The Women Mountaineers of Chilliwack

Posted on: March 19th, 2018 by

Group photo of Nina Carleton, Irene and Gertrude Knight, William Knight, “Olealley” Louie, and Lyle and Carolyn Macken, 1907 [P1190]

Group photo of Nina Carleton, Irene and Gertrude Knight, William Knight, “Olealley” Louie, and Lyle and Carolyn Macken, 1907 [P1190]

During my research for the upcoming exhibition, Mountaineers: Community Experience in Chilliwack’s Mountains, I’ve discovered some great accounts of women exploring the local ranges. In fact, one of the initial factors that drew me to the exhibition theme, is that climbing and exploration of the nearby mountains has long been an activity for all genders to enjoy. The following is one example.

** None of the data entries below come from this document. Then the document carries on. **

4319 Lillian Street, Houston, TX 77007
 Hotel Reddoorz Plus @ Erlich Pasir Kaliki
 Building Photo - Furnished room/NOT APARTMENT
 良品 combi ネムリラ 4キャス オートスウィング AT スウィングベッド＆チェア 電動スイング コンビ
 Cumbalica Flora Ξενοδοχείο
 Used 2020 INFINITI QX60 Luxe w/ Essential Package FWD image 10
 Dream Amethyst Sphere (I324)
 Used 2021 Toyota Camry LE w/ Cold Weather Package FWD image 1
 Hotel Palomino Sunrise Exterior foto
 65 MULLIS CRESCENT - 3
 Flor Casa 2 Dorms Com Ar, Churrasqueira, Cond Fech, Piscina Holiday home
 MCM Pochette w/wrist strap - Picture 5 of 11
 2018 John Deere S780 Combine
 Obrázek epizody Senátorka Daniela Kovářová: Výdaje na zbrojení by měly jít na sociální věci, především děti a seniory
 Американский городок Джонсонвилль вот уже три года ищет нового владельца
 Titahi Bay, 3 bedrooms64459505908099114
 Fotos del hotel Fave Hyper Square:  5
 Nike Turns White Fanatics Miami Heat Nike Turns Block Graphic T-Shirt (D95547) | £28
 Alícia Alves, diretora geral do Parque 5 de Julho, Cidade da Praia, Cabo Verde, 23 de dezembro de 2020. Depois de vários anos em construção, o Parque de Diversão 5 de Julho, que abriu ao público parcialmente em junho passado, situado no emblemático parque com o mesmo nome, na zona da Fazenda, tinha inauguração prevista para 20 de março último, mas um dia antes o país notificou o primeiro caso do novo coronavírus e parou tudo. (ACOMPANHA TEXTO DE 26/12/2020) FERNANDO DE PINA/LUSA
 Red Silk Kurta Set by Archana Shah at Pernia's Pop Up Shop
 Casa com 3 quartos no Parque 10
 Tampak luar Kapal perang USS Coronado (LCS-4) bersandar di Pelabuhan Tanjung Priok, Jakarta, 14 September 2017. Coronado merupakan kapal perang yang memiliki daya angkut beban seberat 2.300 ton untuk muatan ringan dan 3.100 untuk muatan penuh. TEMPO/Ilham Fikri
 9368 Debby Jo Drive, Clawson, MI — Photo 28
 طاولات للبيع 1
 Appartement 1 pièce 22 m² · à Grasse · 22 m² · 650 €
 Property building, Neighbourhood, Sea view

When William Knight led a party of seven up Lhílheqey (Mt. Cheam) in 1907, his daughters Irene and Gertrude, along with Mina Carleton and Carolyn Macken, joined the climb to the peak. Unlike today, this journey was a challenging multi-day climb that involved hiking up the north side of the mountain from a trail near Bridal Falls. Camping several nights on the mountainside, scrambling along loose rock, and at least one hold-your-breath dash along a narrow ledge were required parts of the climb.

To make the journey more practical, the women of 1907 eschewed the dress conventions of the day by wearing short(er) skirts. While still considered long and hampering by today’s standards, a member of the climbing party, Carl Grossman, observed that, “The girls had donned their climbing clothes and looked like a lot of school kids. Their skirts were cut to the knees and looked very funny.”1

Gertrude and Irene Knight rest at Prairie Camp, halfway up the Lhílheqey hike, 1907 [P1192]

Gertrude and Irene Knight rest at Prairie Camp, halfway up the Lhílheqey (Mt. Cheam) hike, 1907 [P1192]

Irene (Knight) Bunt and her sister Gertrude (Knight) Barber were in fact regular climbers of Lhílheqey (Mt. Cheam) and accompanied their father on countless trips to the peak. Bunt later recalled, “As a child we lived at Popcum and saw Cheam very well. Most years my father, William Knight, would take parties of young people up in August. We would leave early Monday morning and not get back until Sat. p.m. It was a delightful trip and we all…enjoyed it.”2

Unfortunately for Barber, she never reached the very top of the mountain. It appears that the various hiking parties inevitably had at least one member with a fear of heights, and poor “Gertie” was always selected to bring them back down to an easier part of the trail.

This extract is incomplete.